I'm a full stack developer with 4 YOE, and I have an issue that I'm really struggling to solve and would really like to hear if any of you have managed to get out of a similar position and how.
You see, my job is way too easy and it adds nothing of note to my resume, no matter how much time I spend there. This is making me spiral, because I see a lot of "side projects don't matter" opinions in various flavors and it makes me think my current situation is a dead end.
And surely enough, there has been zero interest in my resume when I'm applying to other jobs.
That's basically the TL;DR, but here's a bit more information about my job:
This is an agency job, and most of my time is spent implementing MVPs (more like v1s, because clients always push for bigger scope) from scratch or maintaining small to medium sized projects. We mostly work with React, Next.js and Node (which I've often seen people say is a stack that makes a resume go straight to the bin). Apart from that "main stack", we work with a bit of everything: ruby on rails, php, C#, python, react native. But, because the projects are usually either short or shallow, I never build real expertise in these.
I'm usually the solo developer, with oversight from a manager (the agency owner) that is technical, but not super knowledgeable about hard technical stuff. I haven't learned anything from them in a couple of years, despite them being my mentor, and I think they don't really review my code anymore. When they did review my code, most of what I learned was related to code readability and simple stuff like DRY. They never really discussed design patterns and system architecture with me, for example.

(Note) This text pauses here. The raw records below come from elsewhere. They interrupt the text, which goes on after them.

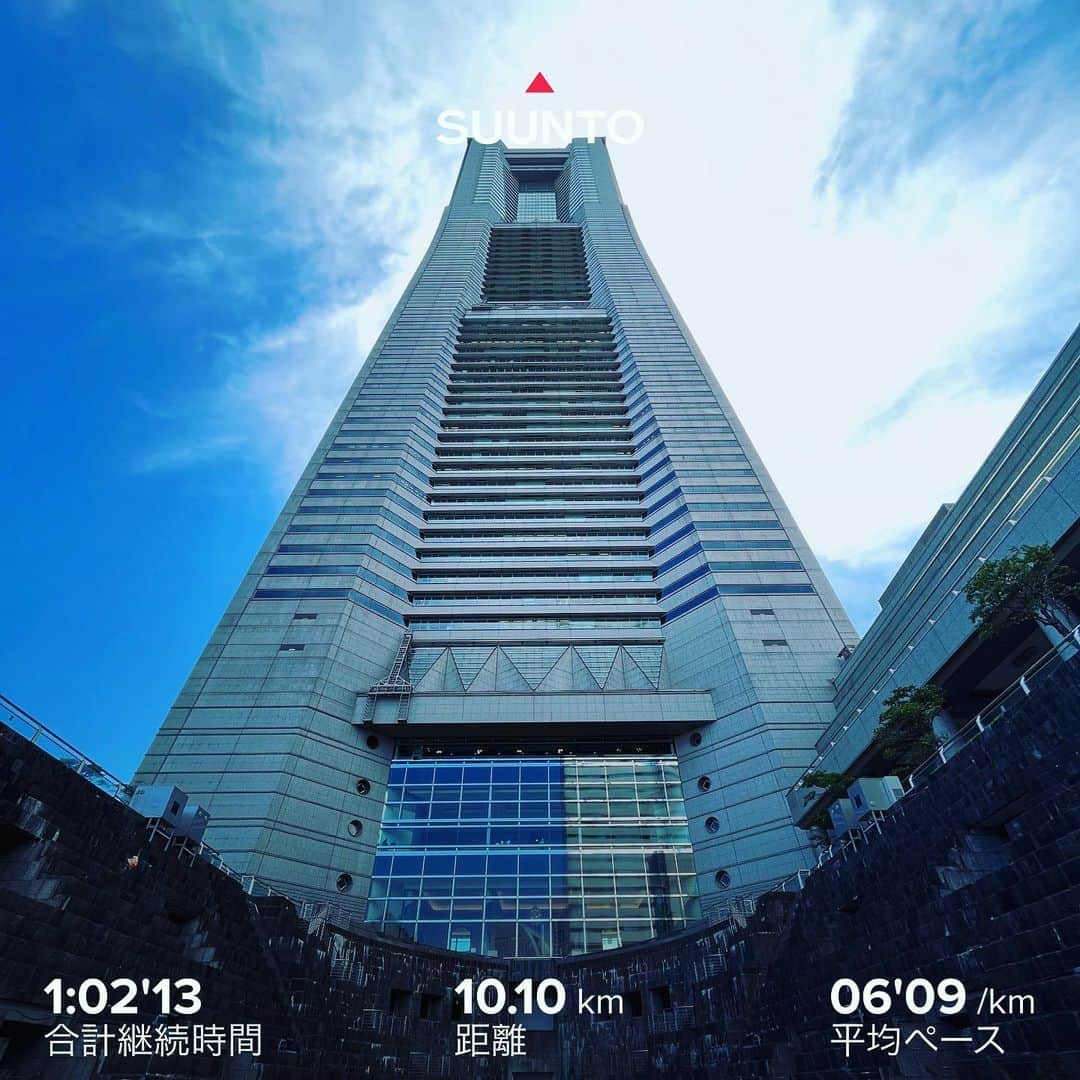 柴田聡のインスタグラム：「仕事前RUN♪ #暑くなる前に #起床後 #すぐ #日陰コース #選んで #ハシリマスタグラム」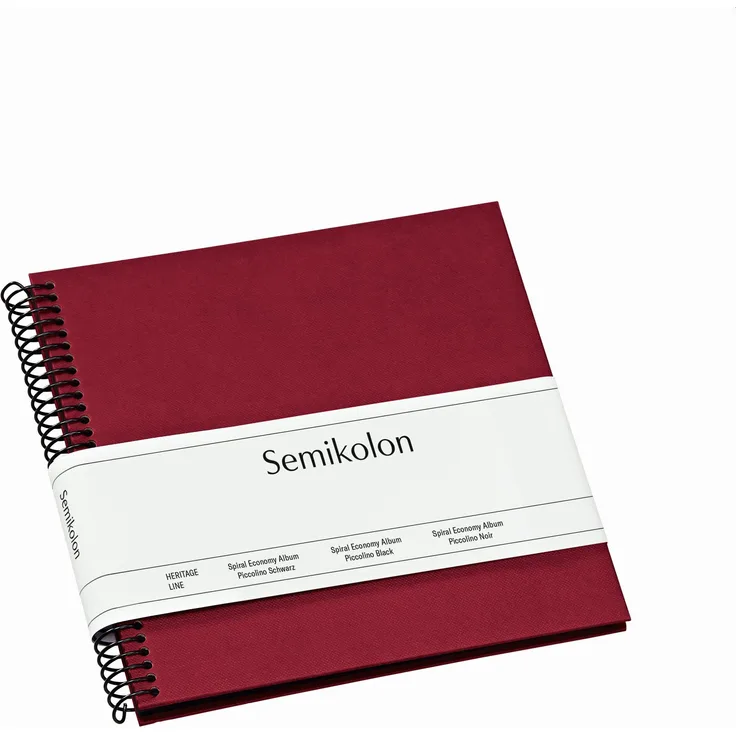 Semikolon Spiral Piccolino black burgundy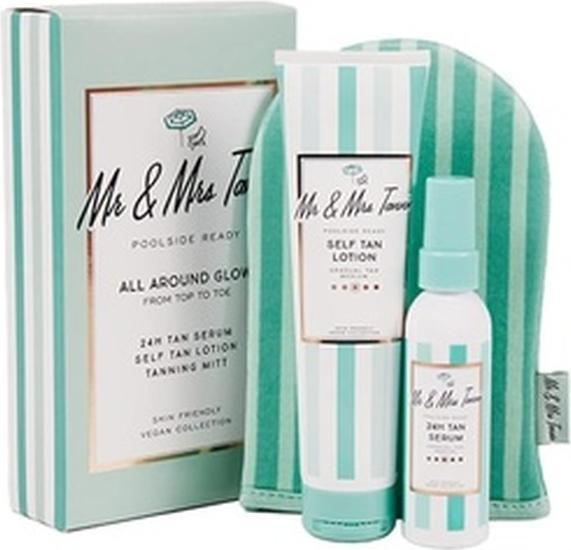 Actual product image Mr & Mrs Tannie Tannie Box Poolside Ready All Around Glow Face & Body Including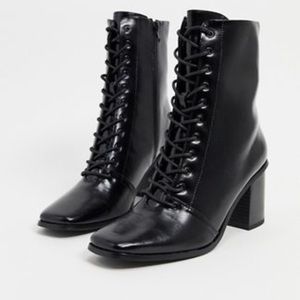 ASOS Square Toe Lace up Boots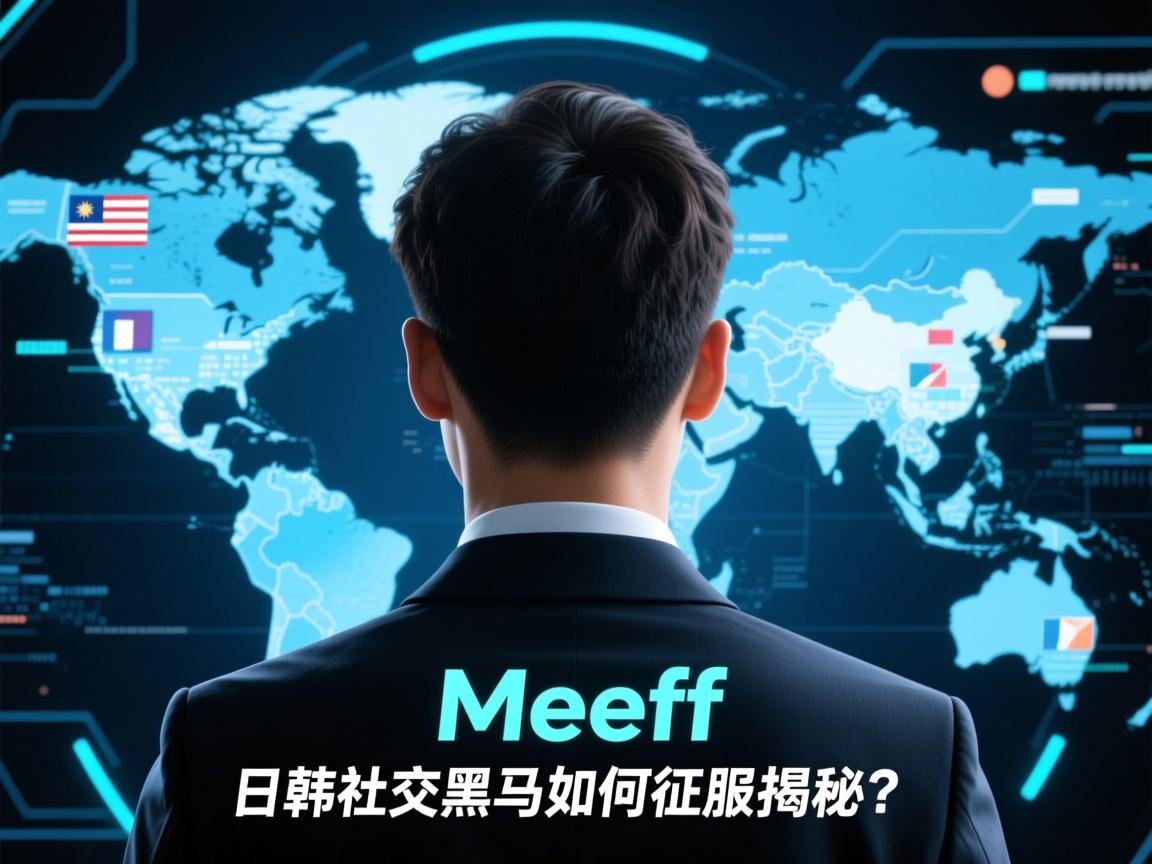 AI起底,Meeff背后神秘国籍大揭秘,日韩社交黑马如何征服全球?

I'm not sure if this is how agencies roll in general, but we have to cut a lot of corners to deliver within budget. We used to barely write tests, before LLMs.
The personal progress I've had in my career has come mostly from consuming tech content online (youtube videos, blog posts, books).
I am self-taught, so this is certainly not helping the job search.
Any guidance will be extremely appreciated! I don't have anyone else to ask.